Support S3 transferring use "ProcessPoolExecutor" with s3tranfer
Describe the feature
As I know, aws-cli uses "s3tranfer" to use s3 and it uses ThreadPoolExecutor like this
https://github.com/boto/s3transfer/blob/da68b50bb5a6b0c342ad0d87f9b1f80ab81dffce/s3transfer/futures.py#L402-L403
In some environment like enough available network bandwidth, enough CPU cores and lots for files to be downloaded, then using ProcessPoolExecutor would be better.
And s3transfer has implemented an interface to use ProcessPoolExecutor
https://github.com/boto/s3transfer/blob/develop/s3transfer/processpool.py
So I think addding feature flag for selecting thread or process for using s3 that could be determined by user would be better.
Use Case
If we have to download many files and the environment that using aws-cli has enough resources(CPU, Memory, Network bandwitdh) than we can choice that use more CPUs for boost the S3 throughput
Proposed Solution
No response
Other Information
No response
Acknowledgements
- [ ] I may be able to implement this feature request
- [ ] This feature might incur a breaking change
CLI version used
2.15.30
Environment details (OS name and version, etc.)
Amazon Linux 2023
Thanks for the feature request, we can review with the team. In the meantime can you provide any more details on your use case and the results you're seeing? Have you tried setting any of the S3 configurations documented here to optimize downloads: https://awscli.amazonaws.com/v2/documentation/api/latest/topic/s3-config.html ?
@tim-finnigan
I reviewed the documentation and tried increasing the max_concurrent_requests to improve performance.
For example, I tested this on a c7g.16xlarge instance, which has a network interface capable of 30Gbps bandwidth. I set max_concurrent_requests to 64, matching the number of vCPUs, but the download speed didn’t improve as much as I expected.
Since s3transfer uses ThreadPoolExecutor by default, it might be helpful to give users the option to use ProcessPoolExecutor. This way, users with more CPU resources available could potentially speed up their downloads.

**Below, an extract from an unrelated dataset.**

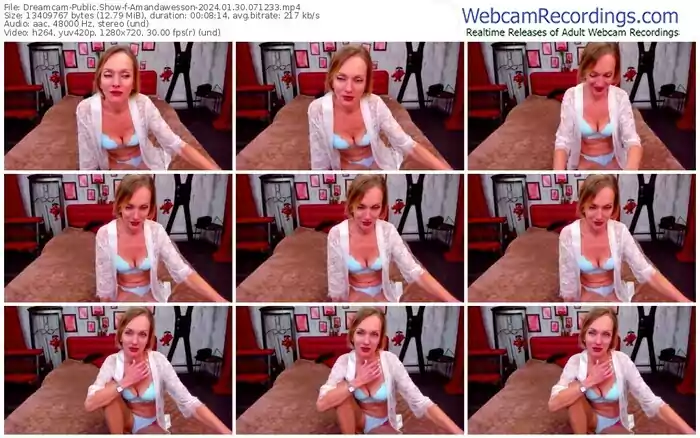 2024/01/30/dreamcam-amandawesson-07-12-33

In my tests, using ProcessPoolExecutor for parallel downloads from S3 with boto3, I was almost able to fully use the 30Gbps bandwidth—something that wasn’t possible with ThreadPoolExecutor.
I think adding an option for ProcessPoolExecutor could help achieve download speeds similar to tools like s5cmd.

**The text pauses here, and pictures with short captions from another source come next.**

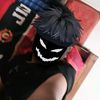 varbuu16_dee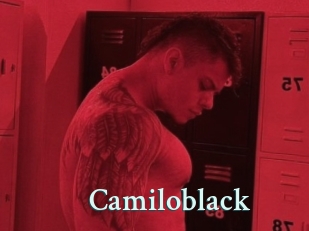 Camiloblack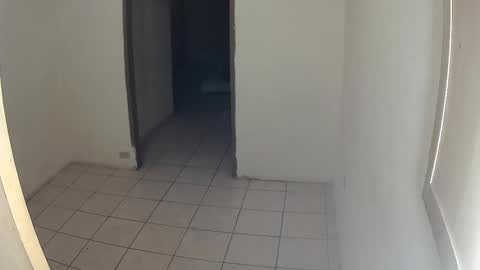 RoastingCorn online show from 10/19/25, 05:52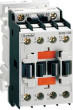 LOVATO Electric Lovato elektriskais jaudas kontaktors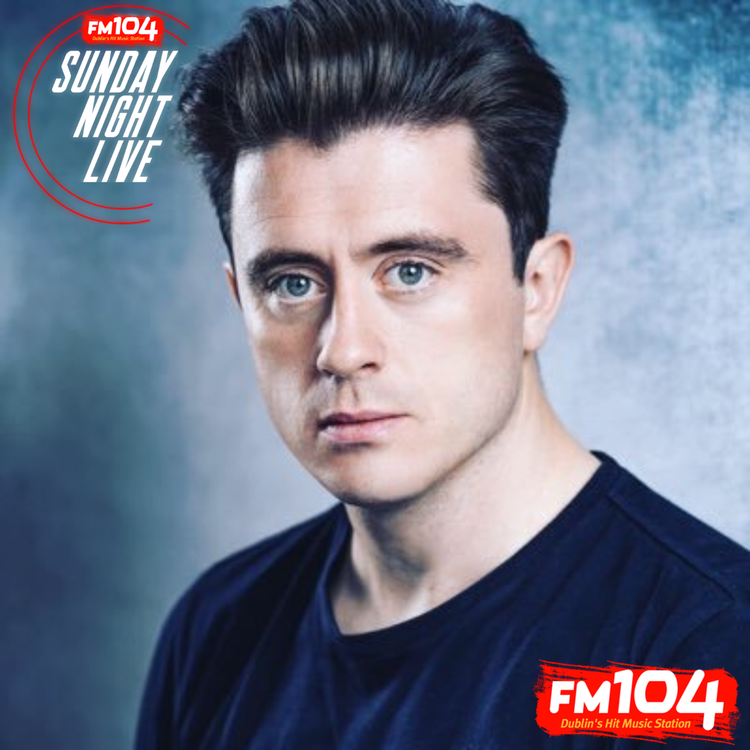 cover art for Brian Gilligan- Actor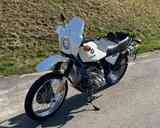 BMW R80 GS Basic, Sammlerfahrzeug - BMW R80GS BASIC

Hello @kimsehwan96 thanks for the reach out. For information, how are you trying the test? Are there any modifications you have done or modifying the SDK? Any test results, logs, debug logs and steps for replication? Thanks
@adev-code Hello, I tested it without boto3 sdk code modification, then just create some python code with boto3 and ProcessPoolExecutor. (Here is my article about it written with korean) : https://www.kimsehwan96.com/s3-donwload-sync-async-thread-process-perfomance-comparision/
I think there may be something that has been tested incorrectly.
Also, I tried to change the BoundedExecutor(https://github.com/boto/s3transfer/blob/9a168299c932077e665a618bfa5e2d5e39343745/s3transfer/futures.py#L406-L411) EXECUTOR_CLS with ProcessPoolExecutor but it was not worked. (I tested it about last year)
@kimsehwan96, thanks for reply. Would you have a minimal reproducible code?
@adev-code I changed EXECUTOR_CLS into futures.ProcessPoolExecutor in s3transfer/futures.py to test it with local enviornment(install boto3 and change the local s3transfer dependency codes) but it doesn't work. (https://github.com/boto/s3transfer/blob/f4341ad2ce17f4253de60d4678b97aabfd9d2b81/s3transfer/futures.py#L425-L426)
I think s3trasnfer/processpool.py(https://github.com/boto/s3transfer/blob/develop/s3transfer/processpool.py) is already implemented but it is not used in boto3 s3 related codes, so I think that if someone want to use multi processes to speed up s3 download, it would be better to serve some flags to use it(multi process s3 donwload feature)